Al di là del caso concreto, si ritiene che la risposta sia l’espressione di un principio del tutto condivisibile: se il protrarsi della liquidazione è l’effetto di una situazione forzatamente di stallo, che la società subisce senza poter far nulla di concreto per giungere a una conclusione, si è in presenza di una oggettiva causa di disapplicazione della disciplina delle società di comodo.
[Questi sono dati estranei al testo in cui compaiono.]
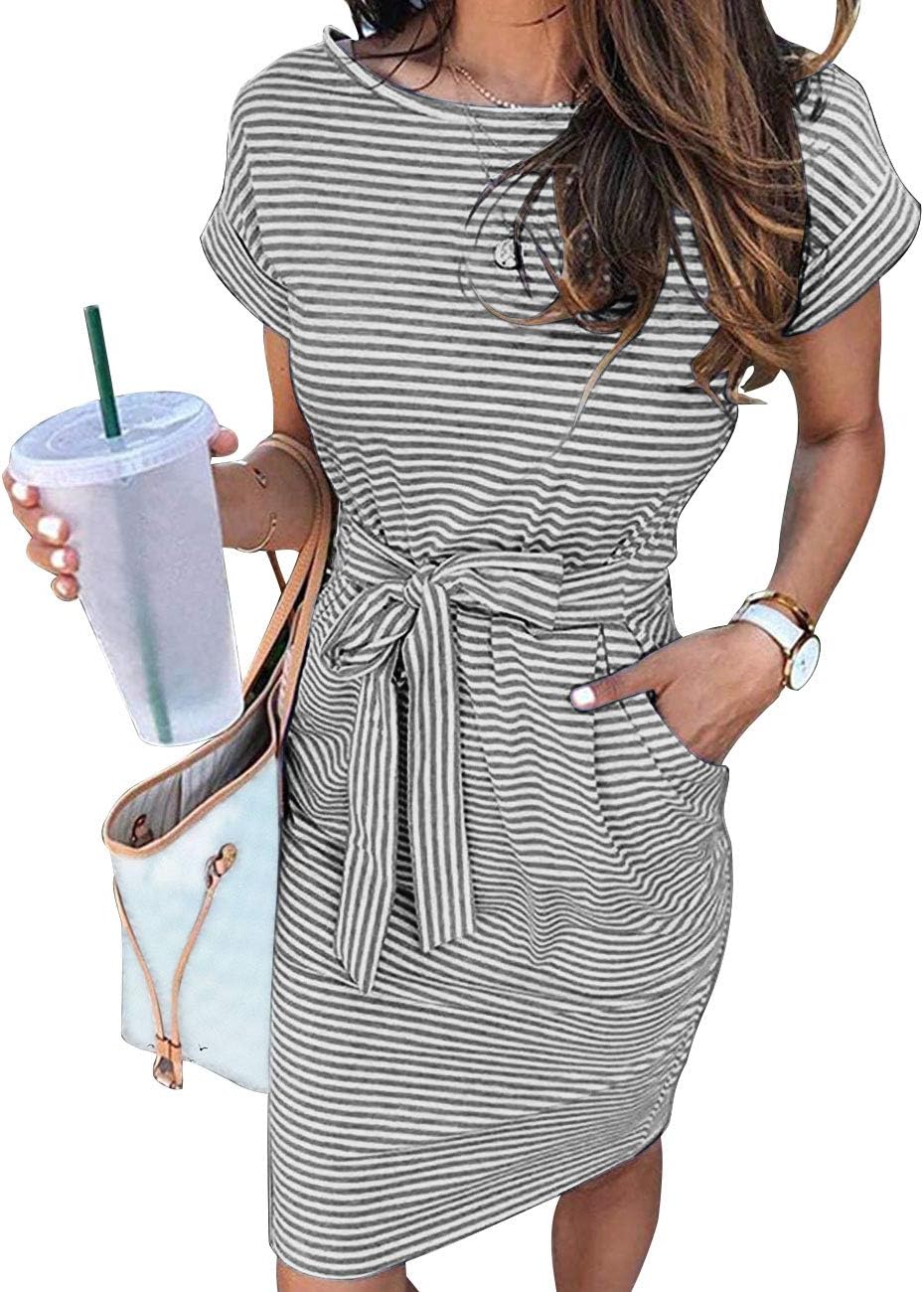 MEROKEETY Women's Summer Striped T Shirt Dress with Pockets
Il prolungarsi di un contenzioso (con clienti, fornitori, dipendenti, piuttosto che con il Fisco, o tra soci) rappresenta una fattispecie classica della situazione descritta che però, a ben vedere, può configurarsi anche altrimenti. 
Si pensi all’ipotesi del possesso di beni (ad esempio immobili in cattivo stato o terreni) improduttivi, ma non vendibili a causa della situazione di mercato: imporre la chiusura della liquidazione previa assegnazione ai soci sarebbe come, nel caso oggetto di questo interpello, imporre la cessazione della società con riassunzione o prosecuzione dei vari procedimenti in capo ai soci. Vale a dire, forzare una conclusione anticipata della liquidazione che non è quella naturale e voluta dai soci, i quali sono generalmente i più colpiti da queste situazioni, che ben poco hanno a che fare con l’intestazione fittizia dei beni a strutture societarie “di comodo”.
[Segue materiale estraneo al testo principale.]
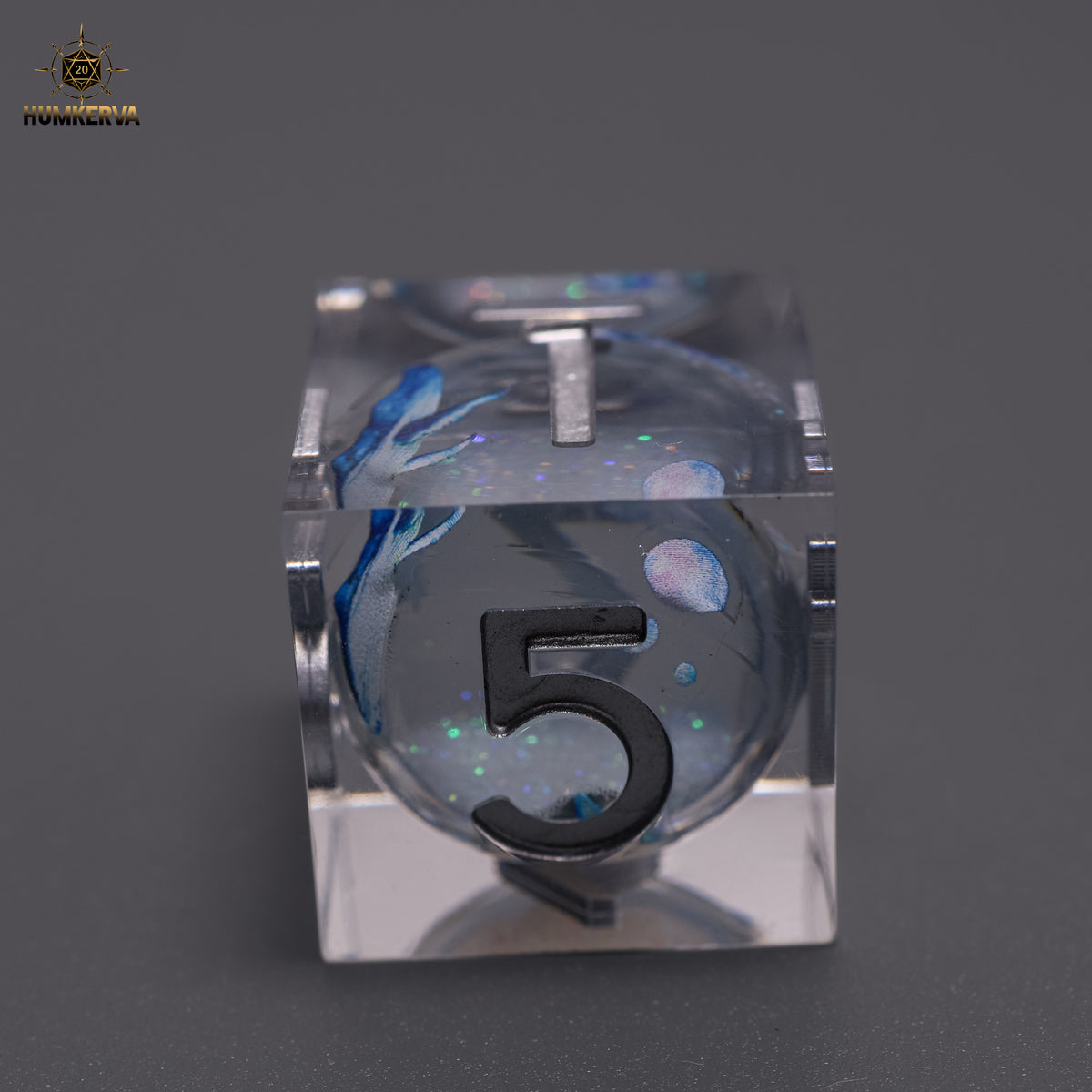 7pc RPG Dice Set – Moonlit Jellyfish | Clear Resin Dice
Più in generale, occorrerebbe lavorare a livello di cause automatiche di disapplicazione nei confronti delle società in liquidazione, al fine di evitare che quasi tutti i sodalizi che non possono impegnarsi a una conclusione veloce della procedura, debbano forzatamente passare attraverso le “forche caudine” degli interpelli.
Ad oggi, infatti, per le società che decidono di mettersi in liquidazione, sia il provvedimento del 14 febbraio 2008 (rivolto alle situazioni di non operatività “tradizionali”, dovute alla scarsa profittabilità dei beni rilevanti), sia quello dell’11 giugno 2012 (rivolto alle situazioni di non operatività per perdite reiterate), prevedono una causa di disapplicazione che si attiva esclusivamente con l’impegno (assunto in dichiarazione) di chiedere la cancellazione dal registro imprese entro il termine di presentazione della dichiarazione successiva. Il che, evidentemente, risulta impossibile in tutte le ipotesi di cui stiamo trattando, considerando che, con circolare 9/E/2008, è stato chiarito che al mancato adempimento dell’impegno assunto, consegue il ripristino dell’obbligo di assoggettarsi alla disciplina, a decorrere dal periodo precedente all’impegno.